_PROBLEM STATEMENT:_ Pictures must not appear in the copy. Set down exactly the line with "God is Faithful" and each line after it through the end of the data below.

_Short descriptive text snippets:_
..............................

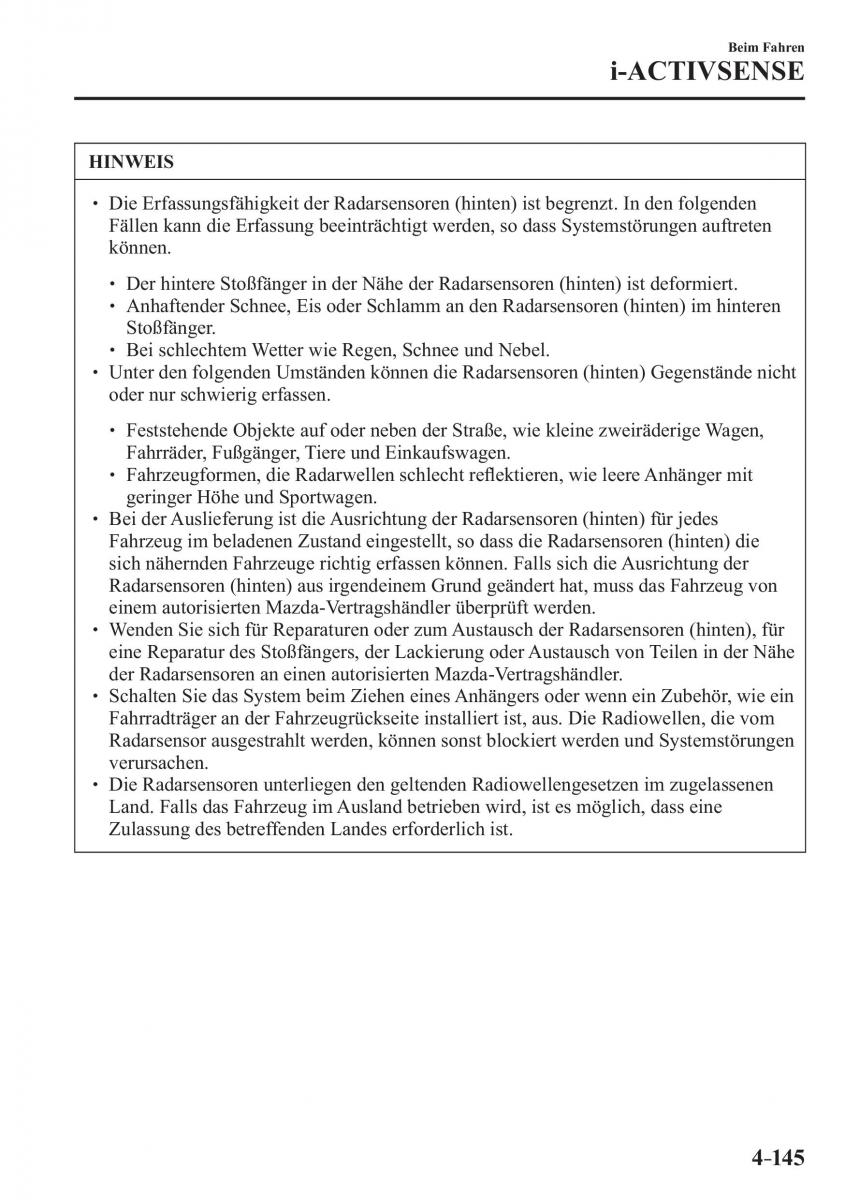 Mazda 2 Demio Handbuch / page 301
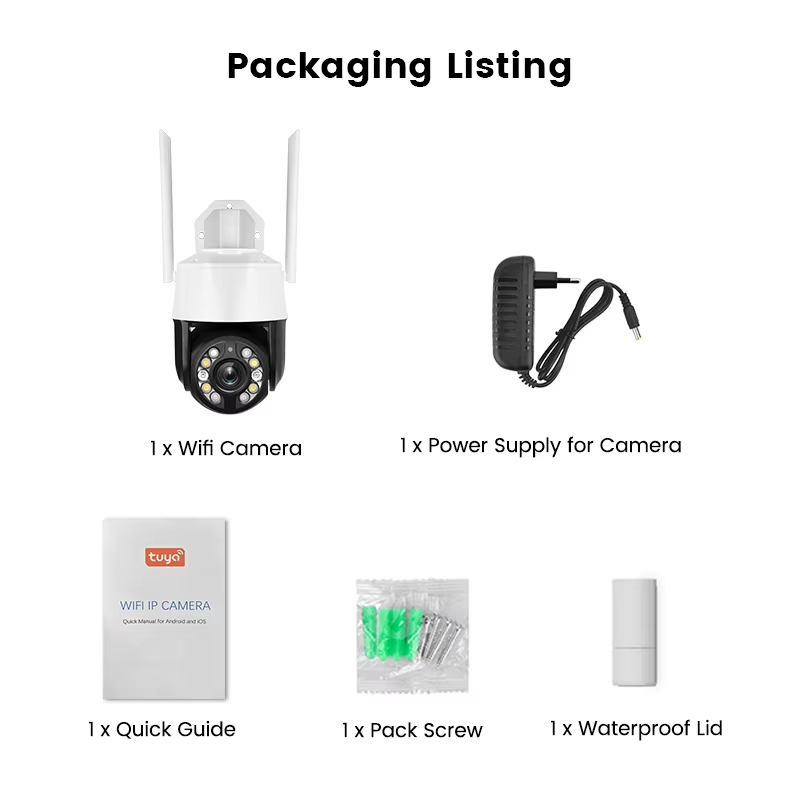 InLifeCam Tuya app 5MP 20X Optical Zoom IR 150m Night Vision Network Wifi Dome PTZ Camera 360 Panoramic P2P IP Wireless Smart Tuya Two-Way Audio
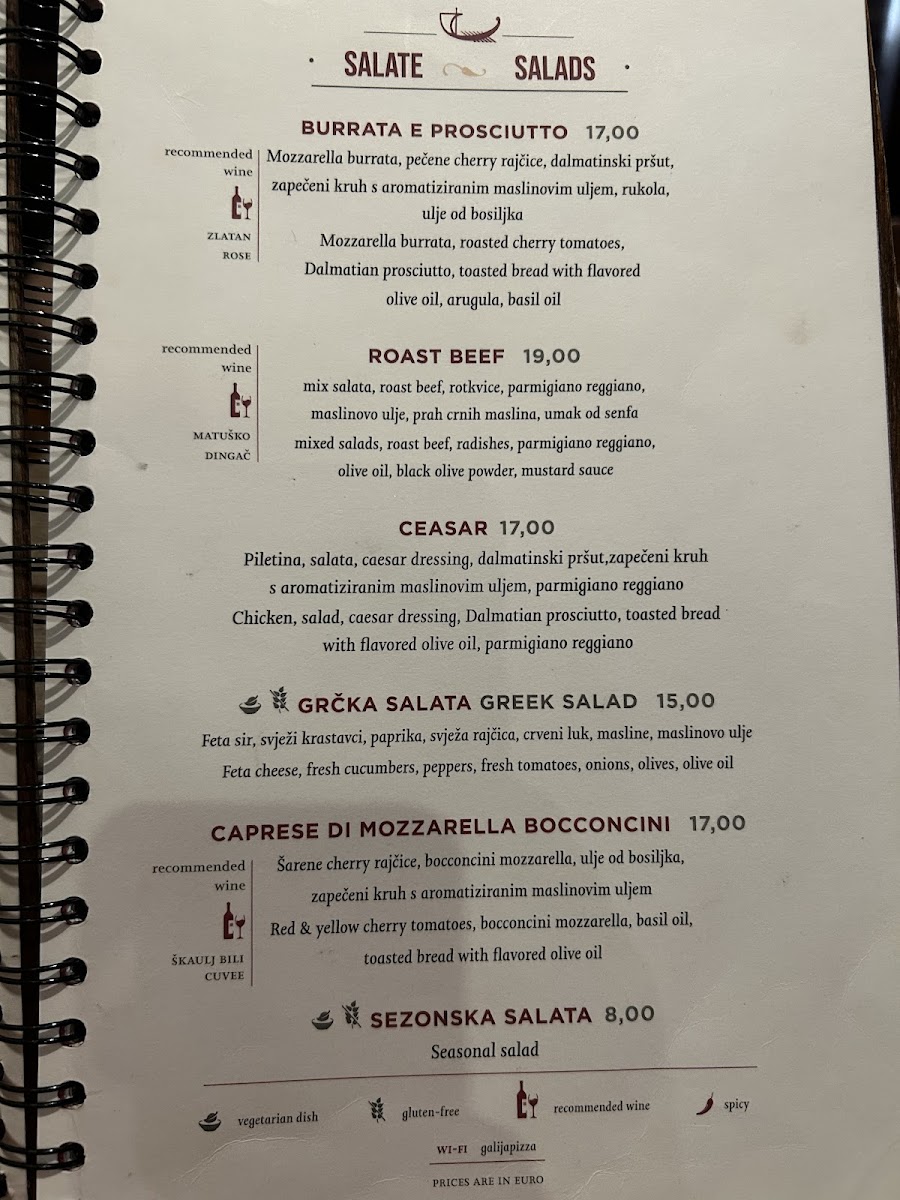 Menu Pizzeria Galija-9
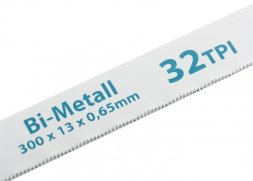 Полотна для ножовки по металлу 300 мм 32TPI BiM 2шт GROSS 77728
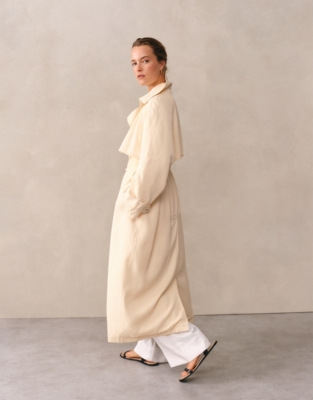 Belted Drapey Trench Coat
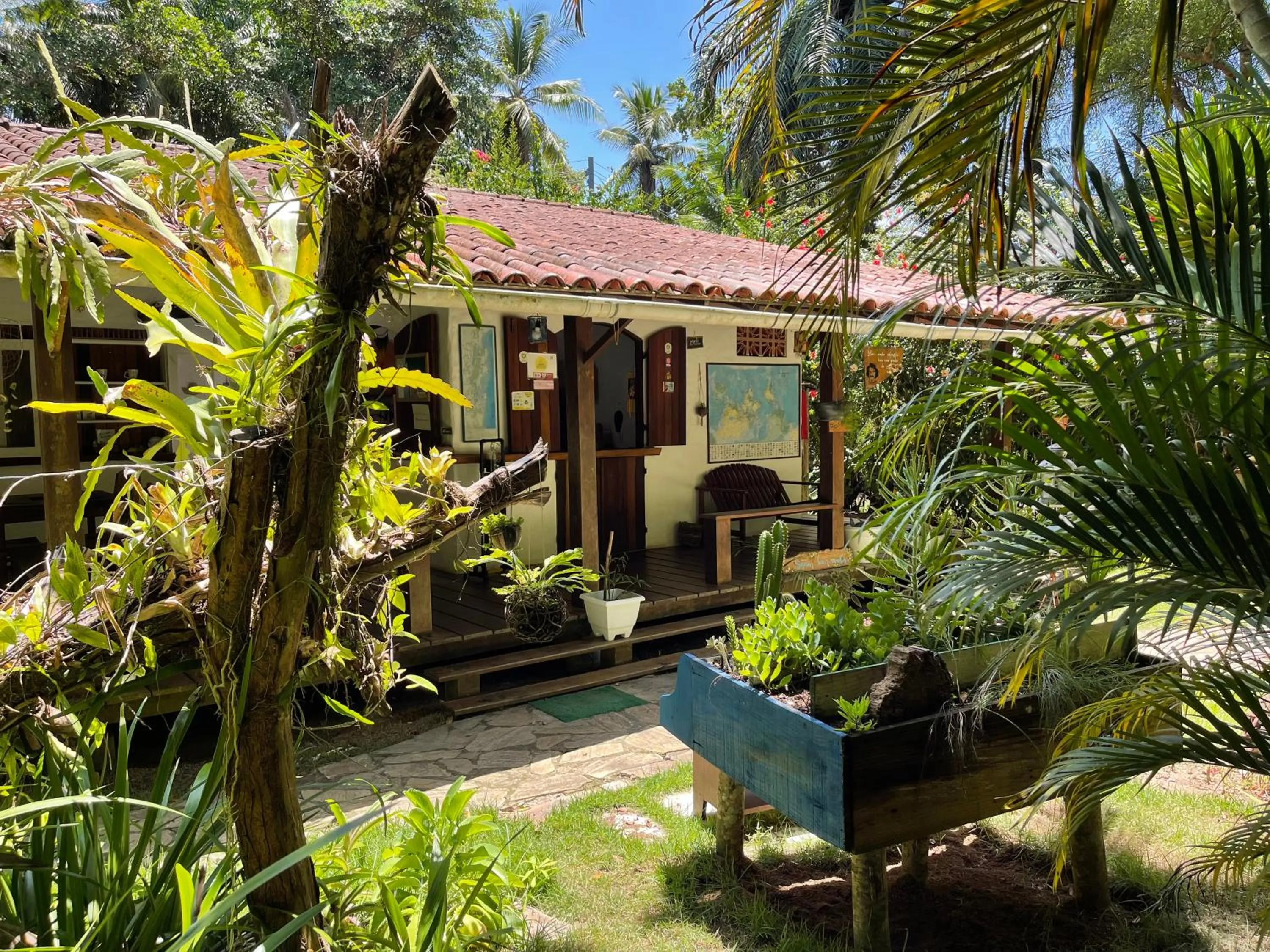 Facade/entrance in Pousada Horizonte Azul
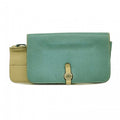 Hermes Wallet Dogon GM Togo Blue Jean Etoupe Silver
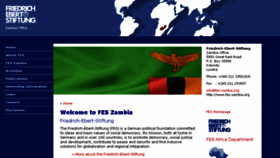 What Fes-zambia.org website looked like in 2017 (6 years ago)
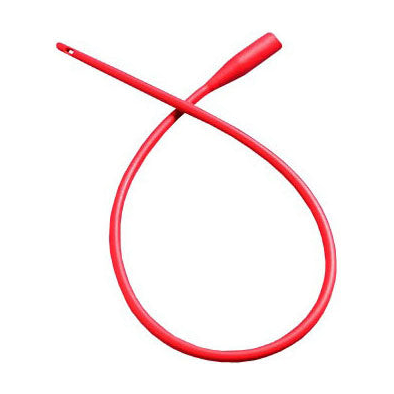 100EA/CS CATHETER RED RUBBER URETHRAL LATEX STERILE 16FR 16IN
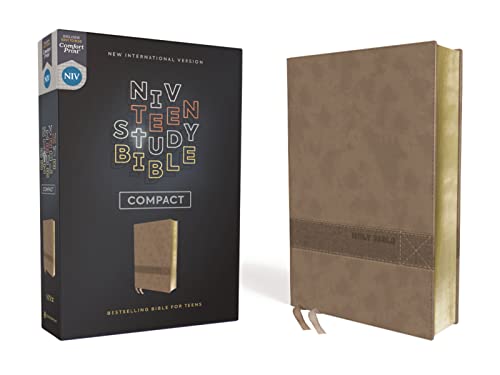 NIV, Compact Teen Study Bible (Brown Leathersoft)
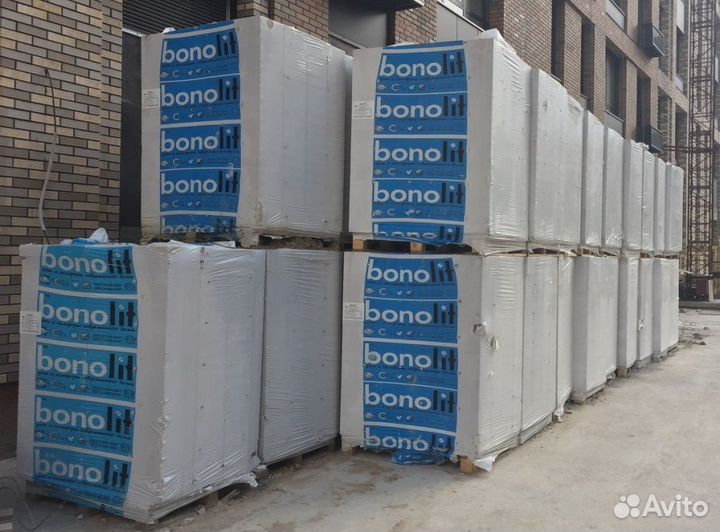 Пеноблок, газоблок (газобетон) Бонолит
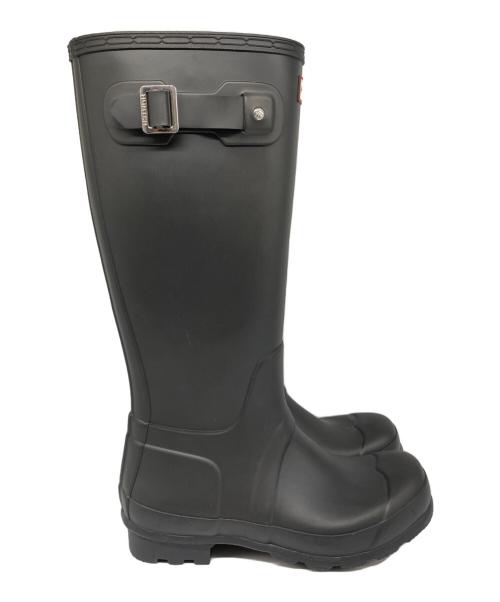 HUNTER（ハンター）HUNTER (ハンター) ORIGINAL TALL BOOT オリジナル トール レイン ブーツ ブラック サイズ: UK7の古着・服飾アイテム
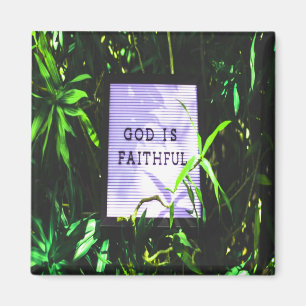 God is Faithful Christian Inspirational Magnet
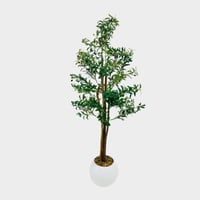 شجرة زيتون زينة يمركن كبير طول 180 سم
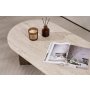 HANAH HOME Sto za dnevnu sobu Sable Travertine Walnut - slika 5
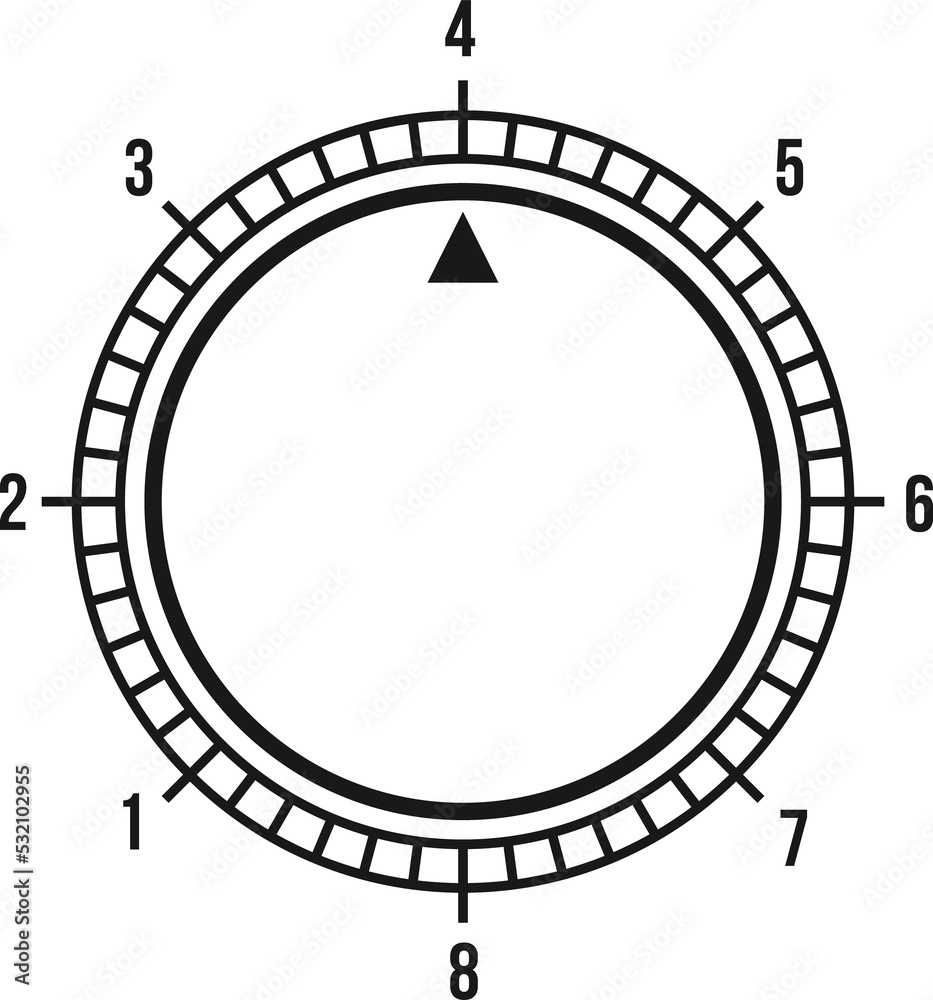 Aufkleber circular processing dial knob volume regulator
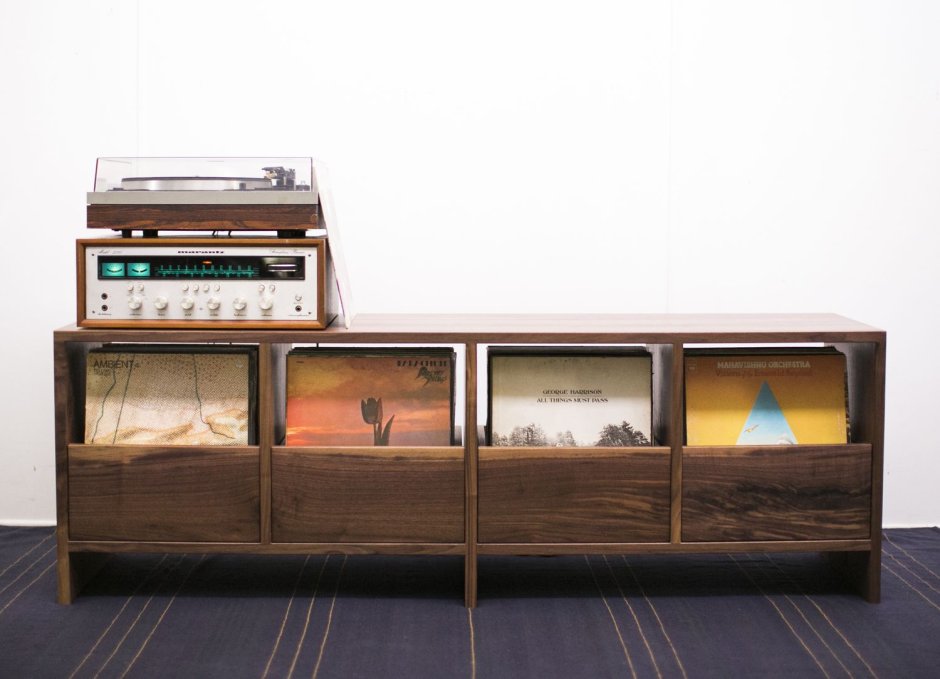 Shelf with Vinyl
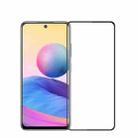 For Xiaomi Redmi Note 12 China MOFI 9H 3D Explosion-proof Curved Screen Tempered Glass Film(Black) - 1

..............................

_RESULT FOR THIS TASK:_
 God is Faithful Christian Inspirational Magnet
 شجرة زيتون زينة يمركن كبير طول 180 سم
 HANAH HOME Sto za dnevnu sobu Sable Travertine Walnut - slika 5
 Aufkleber circular processing dial knob volume regulator
 Shelf with Vinyl
 For Xiaomi Redmi Note 12 China MOFI 9H 3D Explosion-proof Curved Screen Tempered Glass Film(Black) - 1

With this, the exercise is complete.